How to get into the field of the 3D ASIC?

nobond

Newcomer
I am just a new comer in this field. I used to work in vlsi design (but only in the wireless communication area) during my postgraduate study. I did not have any serious knowledge on the 3D, Graphics core, and gpu etc ...

Now I will start my job working as a graphics asic designer. Is there any idea on how to learn this field quickly and efficiently ?
 
For a quick overview of 3d graphics algorithms, you may perhaps start with books like "Real-Time Rendering". To learn about the programming model that will be expected from the graphics hardware, you can try searching around on places like http://www.opengl.org and http://msdn.microsoft.com/directx/ .

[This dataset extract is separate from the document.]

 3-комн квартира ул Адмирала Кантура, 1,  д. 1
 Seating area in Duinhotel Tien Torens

There are not many good sources of information on actual implementation of GPUs (there appear to be several good books on CPU design, but none that I know of that target GPU design - there are enough similarities that understanding everything in a CPU-oriented book will be helpful, however there are also major important differences, in particular in what assumptions you can make about parallellism, throughput and latency, and what you do and don't need specialized circuits for); you can find many pretty diagrams with some amount of explanation at pretty much any site that does GPU previews/reviews (beyond3d, anandtech, hardocp, etc etc), however these do not normally drill very deep into the nitty-gritty details.

Expect the learning curve to be the steepest one you will ever run into.
 
nobond said:
I am just a new comer in this field. I used to work in vlsi design (but only in the wireless communication area) during my postgraduate study. I did not have any serious knowledge on the 3D, Graphics core, and gpu etc ...

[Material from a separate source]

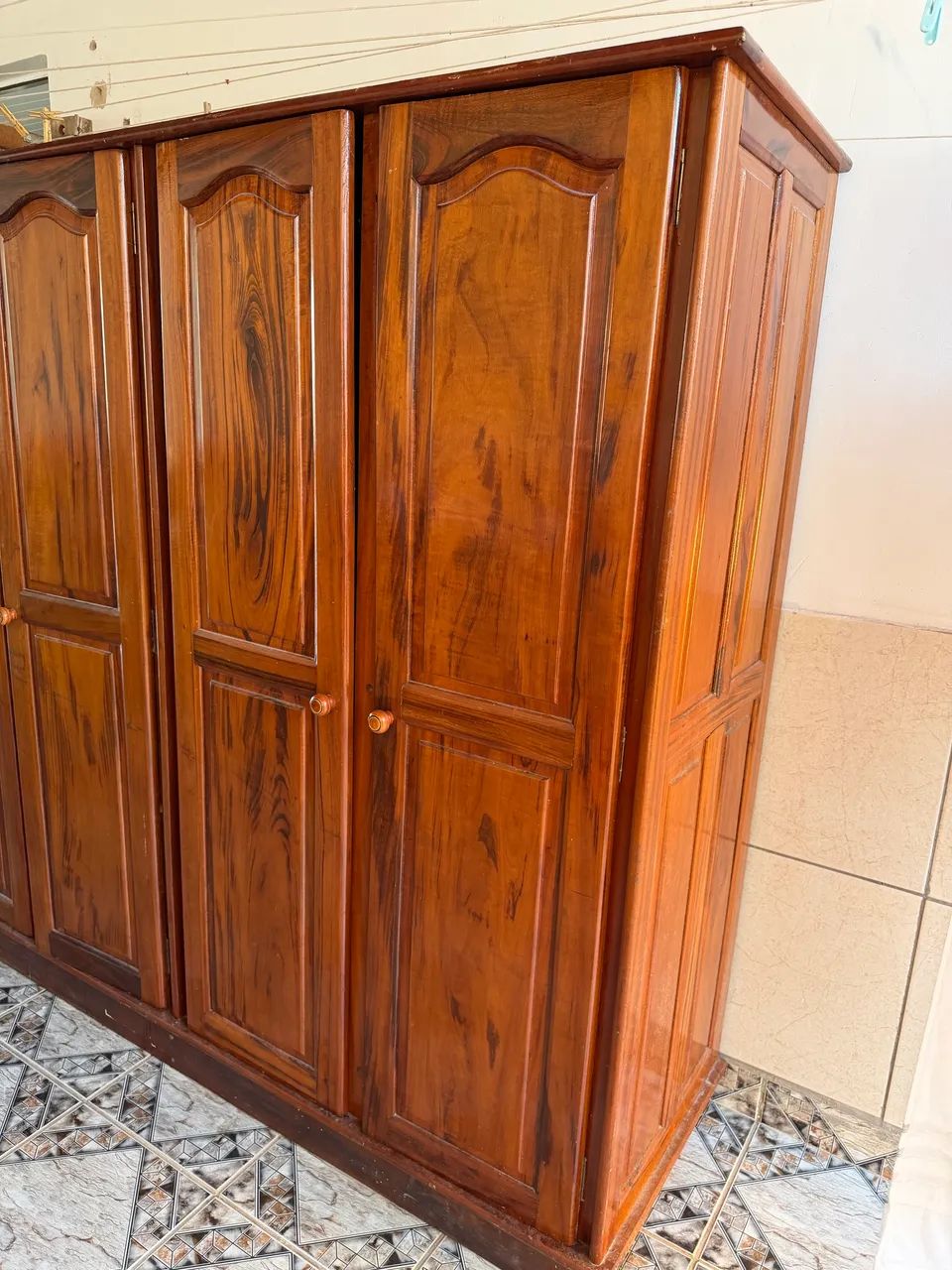 Guarda-roupa de madeira - Foto 3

Now I will start my job working as a graphics asic designer. Is there any idea on how to learn this field quickly and efficiently ?

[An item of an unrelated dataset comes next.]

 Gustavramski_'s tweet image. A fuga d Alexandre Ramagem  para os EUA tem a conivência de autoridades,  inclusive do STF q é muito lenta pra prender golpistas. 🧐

I would have thought the best way is to get employed by one of the companies actually designing 3D graphics chips, though that rather limits your choices of location!
 
Thanks for the help.

The truth is I got employed by one 3d graphic corp so I have to learn that

While I still prefer more on the general processor .or. singal processing circuits ... ... :cry:
 
You could start with just reading whatever looks interesting in the conference proceedings of the Graphics Hardware Workshop.
 
nobond said:
Now I will start my job working as a graphics asic designer. Is there any idea on how to learn this field quickly and efficiently ?
My experience tells me that in this particularly wide field, you'll find yourself most comfortable and most interested in a specific area. Once you realize this, read up to get the essential basics and more importantly, just experiment like crazy -- the books should be there for the time when you need them the most i.e. "where could I have gone wrong?"
 
nobond said:
Thanks for the help.

The truth is I got employed by one 3d graphic corp so I have to learn that

While I still prefer more on the general processor .or. singal processing circuits ... ... :cry:
Which one?


Whilst not a hardware guy myself, the impression I get from seeing our guys work is that you will be working on a fairly small piece of the whole thing, and it is the interaction with the other hw modules that will be the more important thing. But a good understanding of basic 3d principles certainly won't hurt. I think the Foley and Van Dam 'Computer Graphics' is still considered the reference book to have. http://www.amazon.co.uk/exec/obidos/ASIN/0201848406/203-5710545-2525539
I would be amazed if there isn't a copy you can borrow in your company.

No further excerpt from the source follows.